Usually we try to stay away from nominating actors and internet bloviators. If we nominated them every time they stuck their feet in their mouths, there’d be no room for anyone else. This week, however, we’ve include both along with a corporation and a TV station! It’s time to vote for Idiot of the Week for November 17, 2014! The winner will eventually get an award certificate to download and print, suitable for framing or creating a paper mâché mask — if they print enough and have the right kind of paste. Until we get that certificate designed, they will get to sit in our virtual dunce chair on our home page. Below the poll are the stories about our synaptically-challenged nominees. Winner posted Monday!
The Candidates for November 17, 2014
Rete 4, Italian TV: Italian TV station Rete 4 is upset that the European Space Agency landed on a comet. They have the sads because comets apparently don’t look like they do in the movies, specifically Armageddon. Next time, ESA, get it right and land Bruce Willis instead of a robot. Acting is about the same anyway.

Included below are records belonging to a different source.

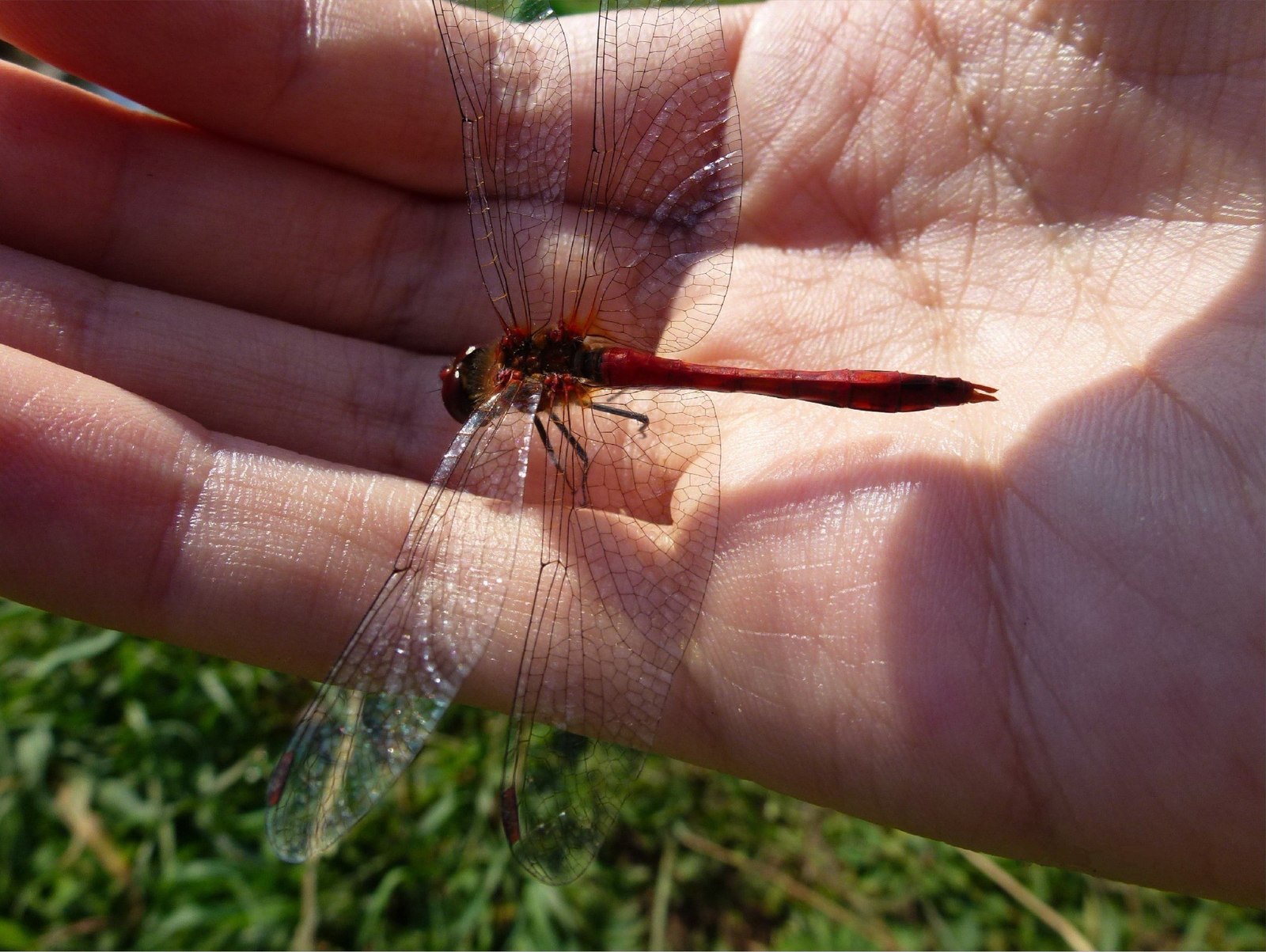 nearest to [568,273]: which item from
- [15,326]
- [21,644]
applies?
[15,326]

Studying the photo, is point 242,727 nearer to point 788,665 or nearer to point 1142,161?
point 788,665

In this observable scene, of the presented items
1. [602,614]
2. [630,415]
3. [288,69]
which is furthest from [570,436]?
[288,69]

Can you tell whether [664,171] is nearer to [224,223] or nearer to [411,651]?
[224,223]

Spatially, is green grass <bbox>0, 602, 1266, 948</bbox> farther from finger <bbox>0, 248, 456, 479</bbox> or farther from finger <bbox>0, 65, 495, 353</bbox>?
finger <bbox>0, 65, 495, 353</bbox>

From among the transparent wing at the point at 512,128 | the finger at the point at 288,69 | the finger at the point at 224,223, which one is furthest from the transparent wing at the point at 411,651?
the finger at the point at 288,69

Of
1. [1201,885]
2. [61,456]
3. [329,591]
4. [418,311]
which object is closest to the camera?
[1201,885]

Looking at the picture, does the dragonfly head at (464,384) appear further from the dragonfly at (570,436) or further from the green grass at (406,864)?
the green grass at (406,864) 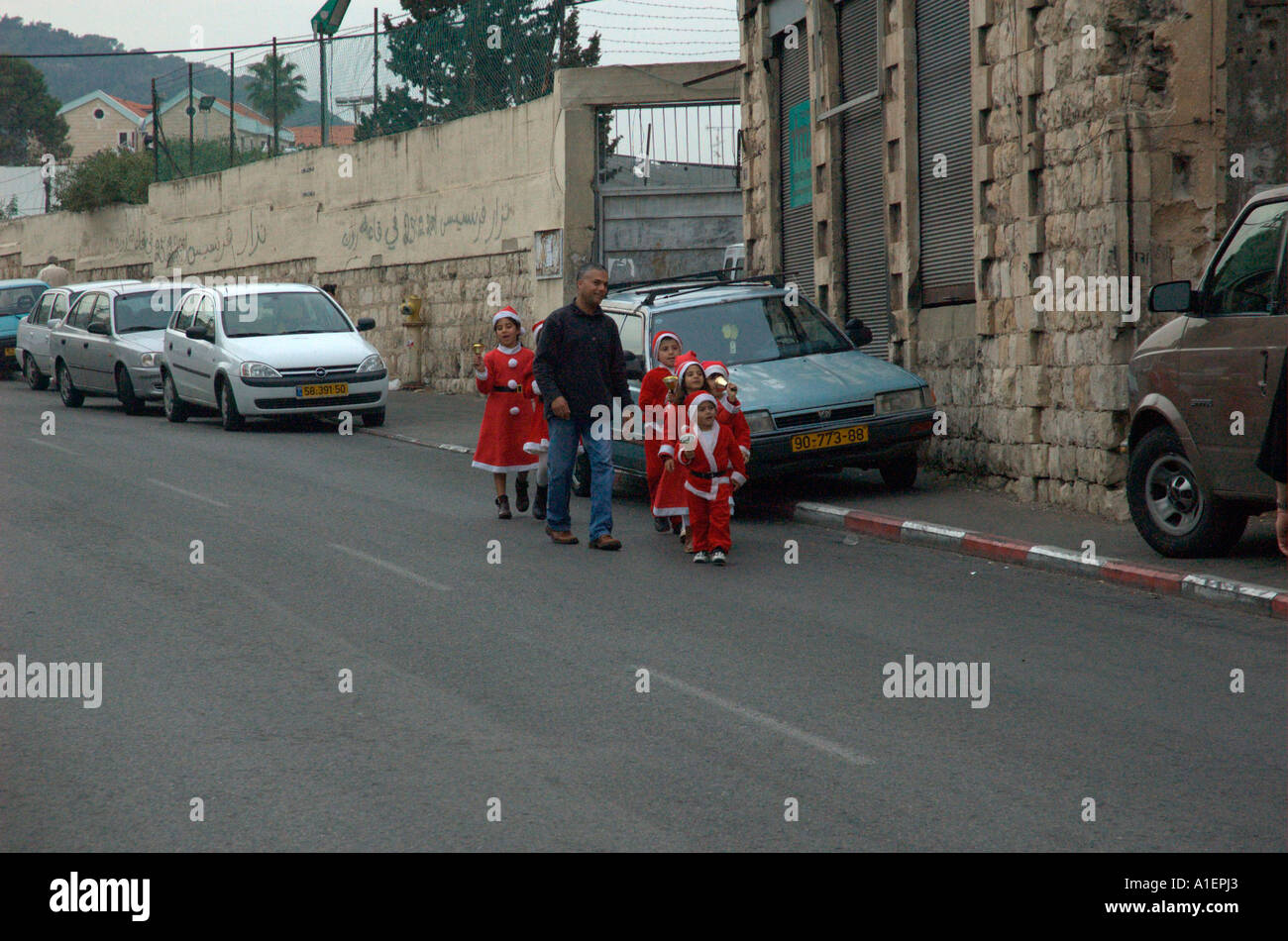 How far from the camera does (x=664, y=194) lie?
24.0 meters

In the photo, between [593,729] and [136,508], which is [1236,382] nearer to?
[593,729]

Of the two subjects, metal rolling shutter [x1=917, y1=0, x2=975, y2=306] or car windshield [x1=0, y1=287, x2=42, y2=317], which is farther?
car windshield [x1=0, y1=287, x2=42, y2=317]

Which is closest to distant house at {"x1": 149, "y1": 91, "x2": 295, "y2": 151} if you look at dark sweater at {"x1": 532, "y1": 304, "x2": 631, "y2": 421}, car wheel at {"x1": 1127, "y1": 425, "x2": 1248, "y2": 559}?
dark sweater at {"x1": 532, "y1": 304, "x2": 631, "y2": 421}

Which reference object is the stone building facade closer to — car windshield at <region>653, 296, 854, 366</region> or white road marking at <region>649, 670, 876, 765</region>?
car windshield at <region>653, 296, 854, 366</region>

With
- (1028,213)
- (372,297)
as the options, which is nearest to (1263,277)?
(1028,213)

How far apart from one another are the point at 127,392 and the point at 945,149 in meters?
13.4

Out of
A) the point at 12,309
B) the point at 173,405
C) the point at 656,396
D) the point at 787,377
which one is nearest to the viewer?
the point at 656,396

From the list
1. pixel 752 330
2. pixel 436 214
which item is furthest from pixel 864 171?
pixel 436 214

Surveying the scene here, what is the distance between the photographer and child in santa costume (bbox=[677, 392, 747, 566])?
1071cm

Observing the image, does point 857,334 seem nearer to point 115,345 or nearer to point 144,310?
point 115,345

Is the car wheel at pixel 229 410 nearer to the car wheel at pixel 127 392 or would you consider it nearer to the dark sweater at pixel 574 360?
the car wheel at pixel 127 392

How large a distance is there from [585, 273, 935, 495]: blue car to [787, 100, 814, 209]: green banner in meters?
3.56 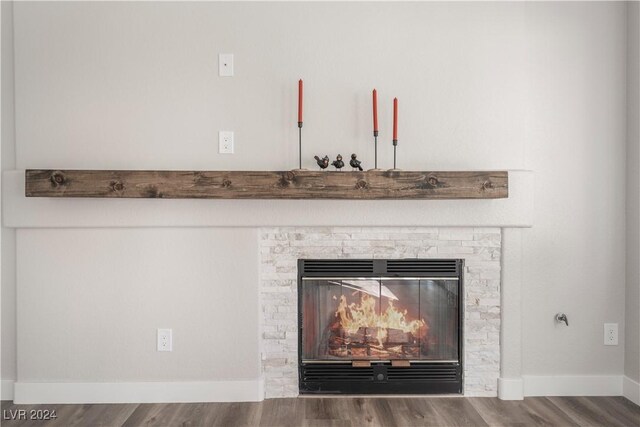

Kirk Cameron: Cameron has a new movie coming out, so he’s on a stupidity rampage — er — we mean, a media and promotional tour. His claim this time is that pagans actually stole Christmas traditions from Christians, and not the other way around. This despite tons of historical fact, including writings from popes saying to do just that. But, who cares about popes if you’re an evangelical, right?
Alex Jones: Jones has been very busy publishing his news and information this week on something we call “The Internet.” Among his rants, he blasts Net Neutrality as being something the Soviet Union and Nazis would want. We’re fairly certain they would actually despise the Net, much less Net Neutrality, and good old Alex would be off the air. Jones does make a convincing case, however, if proof includes throbbing forehead veins, foaming spittle, and a redhot rage face.
Old Navy: This week it came to light that Old Navy charges more for plus size women’s clothing. So far, not a big deal. A lot of places do that. Then it was revealed they do not charge extra for larger sized men’s clothes. And then a spokesperson claimed the women’s clothes include materials the men’s clothes don’t, and some open-eyed customers pointed out that the regular-sized women’s clothing has the same special materials but are priced in line with the regular-sized men’s clothes. Ouch. Three hits! The spokesperson was last heard screaming, “Abandon ship! To the lifeboats! We’re sunk!”